#### Records supplied
BEGIN

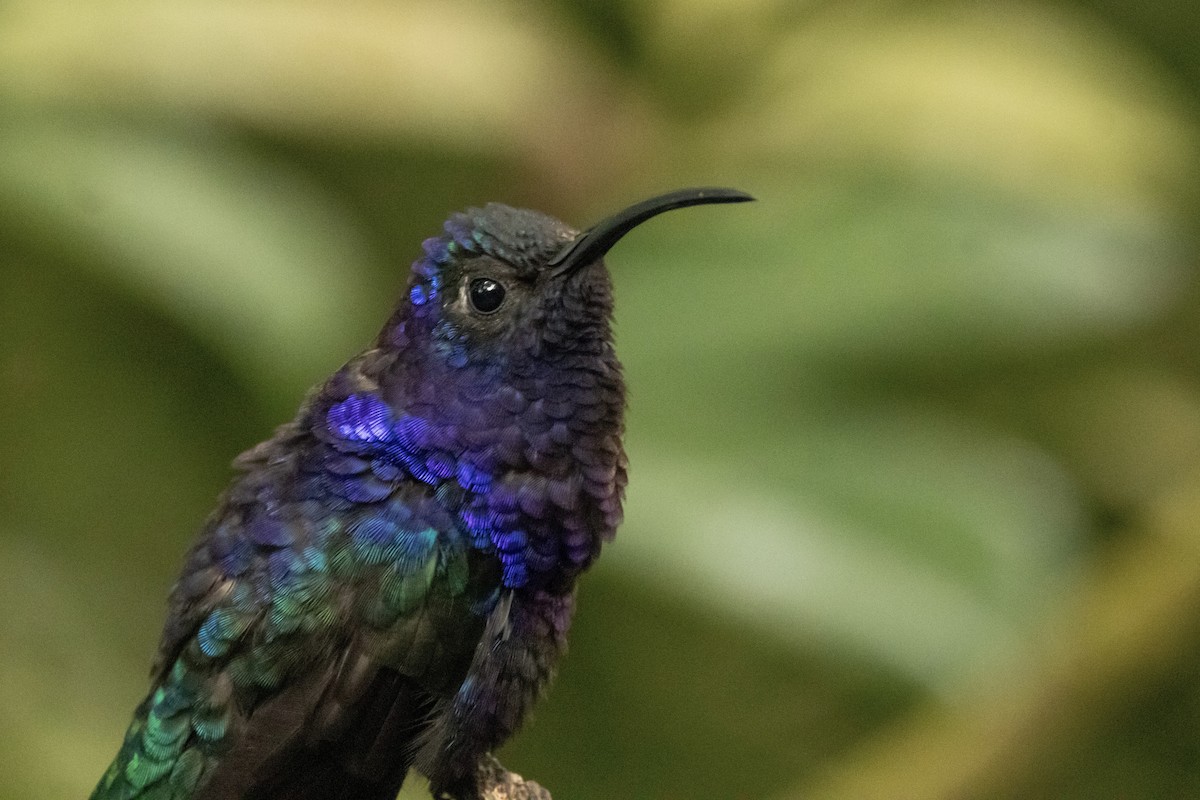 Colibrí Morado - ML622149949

END
BEGIN

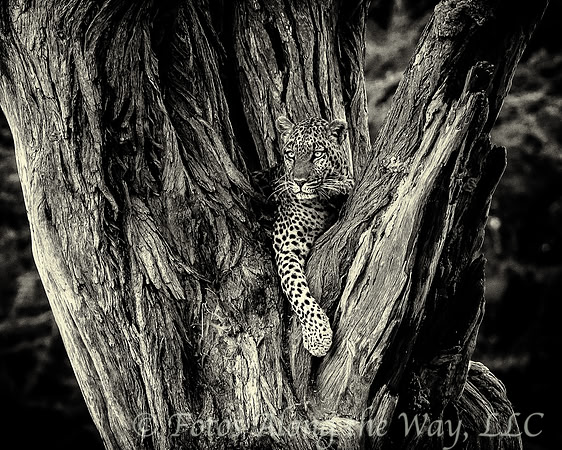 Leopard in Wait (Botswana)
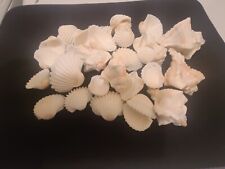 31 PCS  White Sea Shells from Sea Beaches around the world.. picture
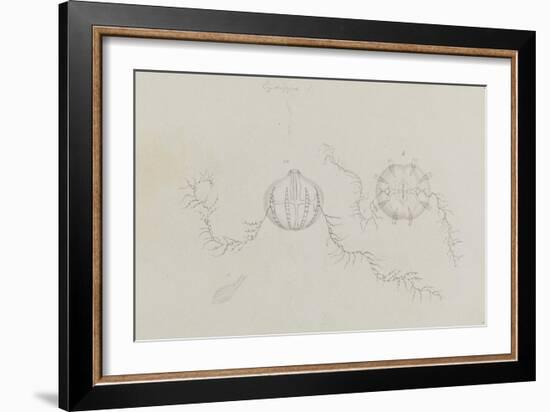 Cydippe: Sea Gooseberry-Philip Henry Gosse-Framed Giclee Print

END
BEGIN

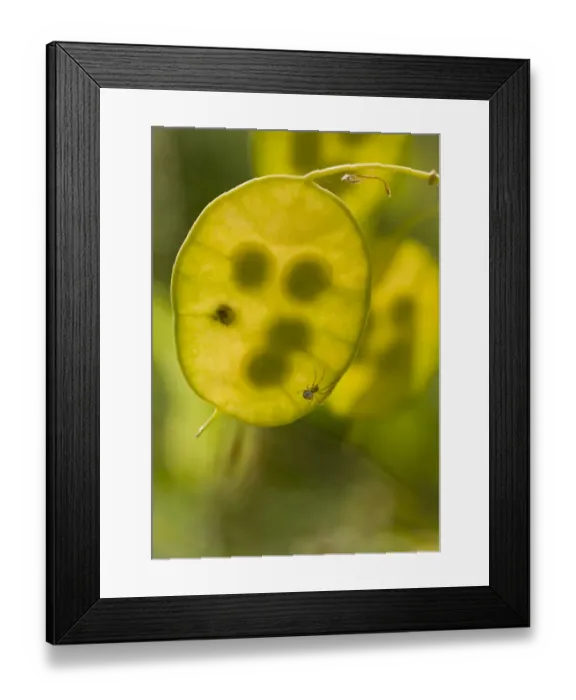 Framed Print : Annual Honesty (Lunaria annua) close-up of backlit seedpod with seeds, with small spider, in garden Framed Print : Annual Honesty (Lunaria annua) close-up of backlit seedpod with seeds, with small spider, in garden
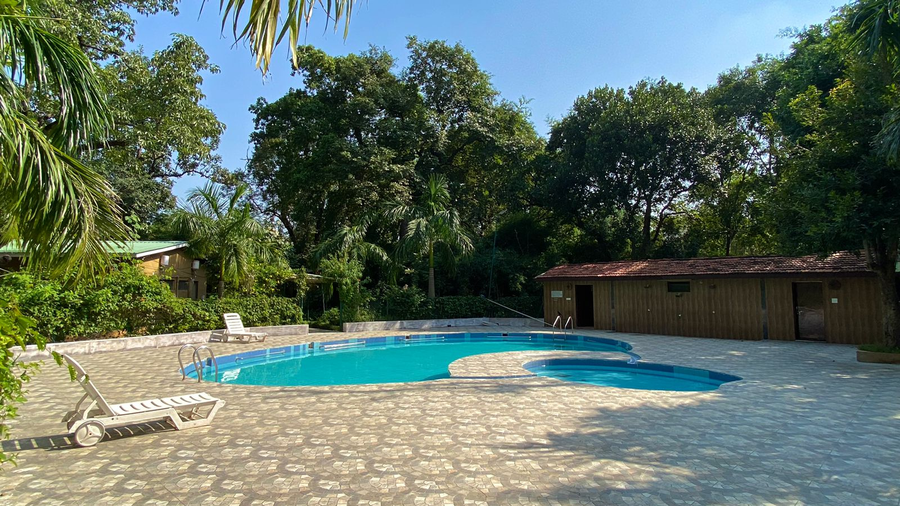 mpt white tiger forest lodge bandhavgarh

END

#### Activity
Set down again, exactly, every line above from the one with "the world.. picture" down to the one with "Cydippe: Sea Gooseberry-Philip", both ends included. No pictures, and nothing else.

#### Solved exercise
 31 PCS  White Sea Shells from Sea Beaches around the world.. picture
 Cydippe: Sea Gooseberry-Philip Henry Gosse-Framed Giclee Print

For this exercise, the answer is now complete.